To use image_client (or image_client.py) you must first have a running Triton that is serving one or more image classification models. The image_client application requires that the model have a single image input and produce a single classification output. If you don’t have a model repository with image classification models see Example Model Repository for instructions on how to create one.

Follow the instructions in Running Triton to launch Triton using the model repository. Once Triton is running you can use the image_client application to send inference requests. You can specify a single image or a directory holding images. Here we send a request for the resnet50_netdef model from the example model repository for an image from the qa/images directory:

$ image_client -m resnet50_netdef -s INCEPTION qa/images/mug.jpg
Request 0, batch size 1
Image '../qa/images/mug.jpg':
    504 (COFFEE MUG) = 0.723991

The Python version of the application accepts the same command-line arguments:

$ python image_client.py -m resnet50_netdef -s INCEPTION qa/images/mug.jpg
Request 0, batch size 1
Image '../qa/images/mug.jpg':
    504 (COFFEE MUG) = 0.778078556061

The image_client and image_client.py applications use the client library to talk to Triton. By default image_client instructs the client library to use HTTP/REST protocol, but you can use the GRPC protocol by providing the -i flag. You must also use the -u flag to point at the GRPC endpoint on Triton:

$ image_client -i grpc -u localhost:8001 -m resnet50_netdef -s INCEPTION qa/images/mug.jpg
Request 0, batch size 1
Image '../qa/images/mug.jpg':
    504 (COFFEE MUG) = 0.723991

By default the client prints the most probable classification for the image. Use the -c flag to see more classifications:

$ image_client -m resnet50_netdef -s INCEPTION -c 3 qa/images/mug.jpg
Request 0, batch size 1
Image '../qa/images/mug.jpg':
    504 (COFFEE MUG) = 0.723991
    968 (CUP) = 0.270953
    967 (ESPRESSO) = 0.00115996

The -b flag allows you to send a batch of images for inferencing.

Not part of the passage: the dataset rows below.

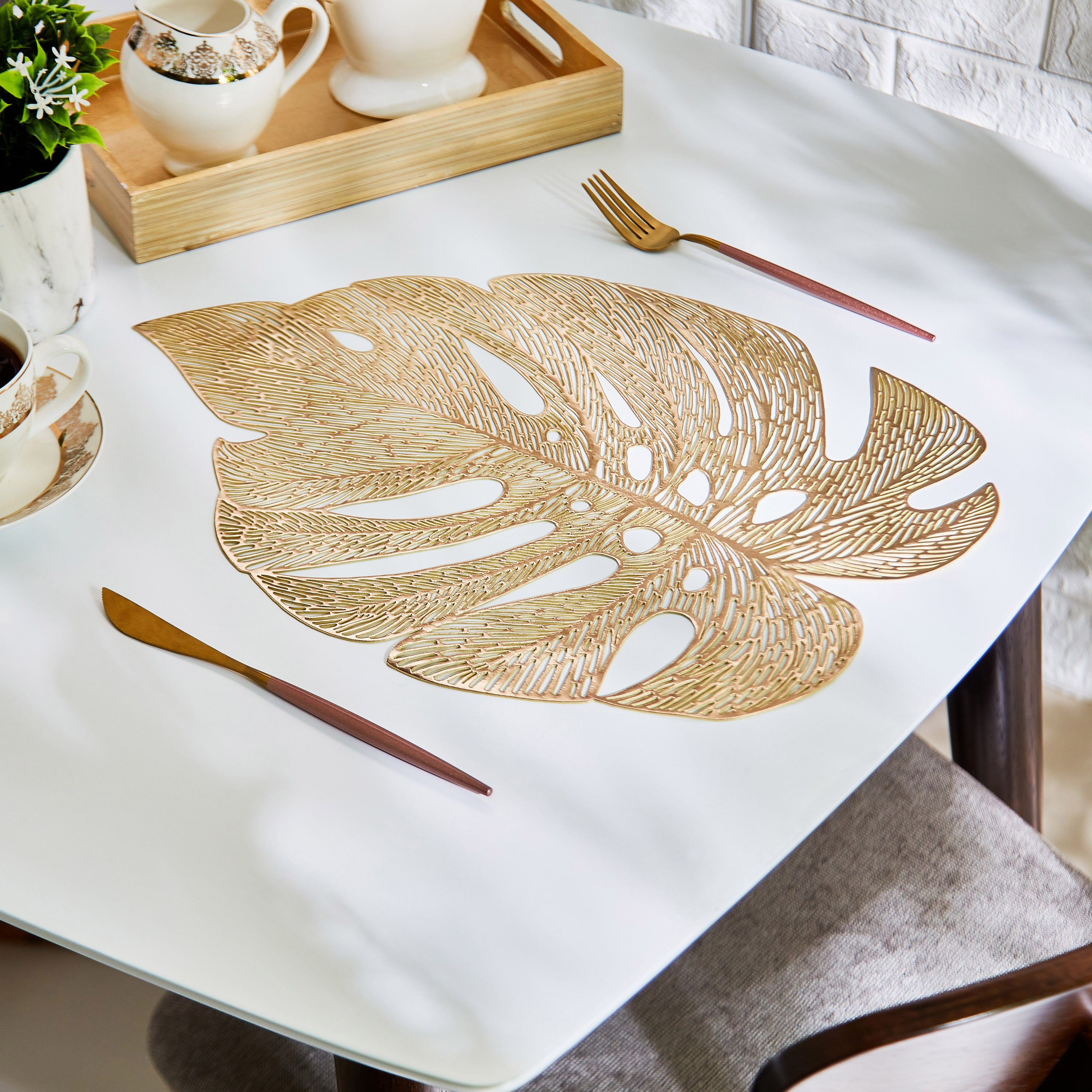 لبادة صحون من كلوريد البولي فينيل بتصميم ورق النخيل - 43×32 سم-hbxdecorandfurnishings-homefurnishings-tablelinens-image-1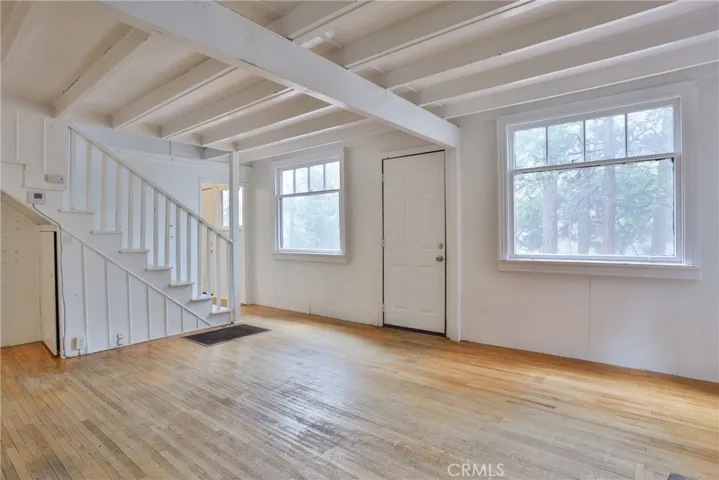 910 Fern Drive, Crestline, California 92325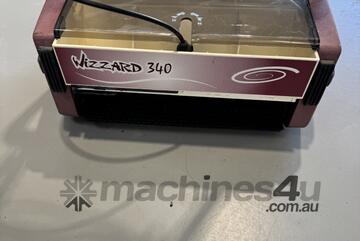 Roots Wizzard 34N Floor Scrubber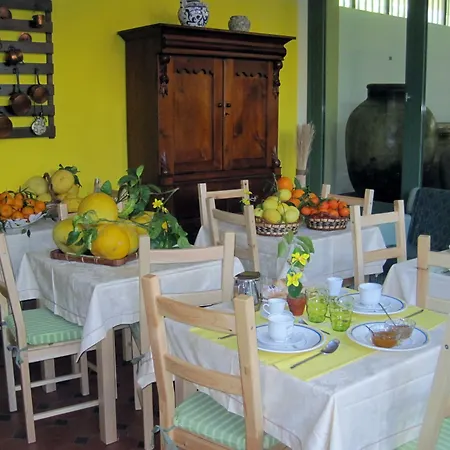 Frühstückspension Lirma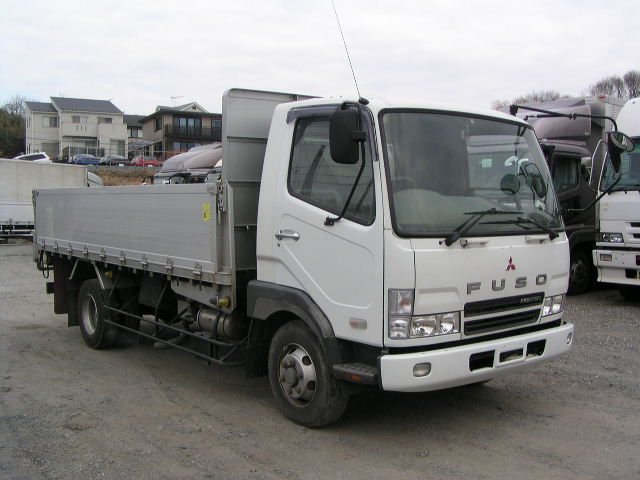 MMC Mitsubishi () Fuso Fighter FK71RF:  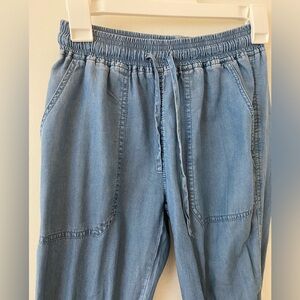 Loose fit jeans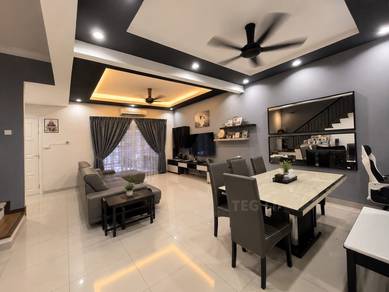 Tiptop Condition, Renovated Double Storey 22x70, Damai Residences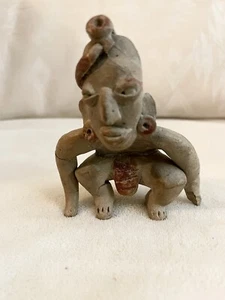 Pre Columbian Ceramic Crouching Male Figure Jalisco Mexico 300BC - 300AD COA - Picture 1 of 9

The image_client application will form the batch from the image or images that you specified. If the batch is bigger than the number of images then image_client will just repeat the images to fill the batch:

$ image_client -m resnet50_netdef -s INCEPTION -c 3 -b 2 qa/images/mug.jpg
Request 0, batch size 2
Image '../qa/images/mug.jpg':
    504 (COFFEE MUG) = 0.778078556061
    968 (CUP) = 0.213262036443
    967 (ESPRESSO) = 0.00293014757335
Image '../qa/images/mug.jpg':
    504 (COFFEE MUG) = 0.778078556061
    968 (CUP) = 0.213262036443
    967 (ESPRESSO) = 0.00293014757335

Provide a directory instead of a single image to perform inferencing on all images in the directory:

$ image_client -m resnet50_netdef -s INCEPTION -c 3 -b 2 qa/images
Request 0, batch size 2
Image '../qa/images/car.jpg':
    817 (SPORTS CAR) = 0.836187
    511 (CONVERTIBLE) = 0.0708251
    751 (RACER) = 0.0597549
Image '../qa/images/mug.jpg':
    504 (COFFEE MUG) = 0.723991
    968 (CUP) = 0.270953
    967 (ESPRESSO) = 0.00115996
Request 1, batch size 2
Image '../qa/images/vulture.jpeg':
    23 (VULTURE) = 0.992326
    8 (HEN) = 0.00231854
    84 (PEACOCK) = 0.00201471
Image '../qa/images/car.jpg':
    817 (SPORTS CAR) = 0.836187
    511 (CONVERTIBLE) = 0.0708251
    751 (RACER) = 0.0597549

The /grpc_image_client.py application behaves the same as the image_client except that instead of using the client library it uses the GRPC generated library to communicate with Triton.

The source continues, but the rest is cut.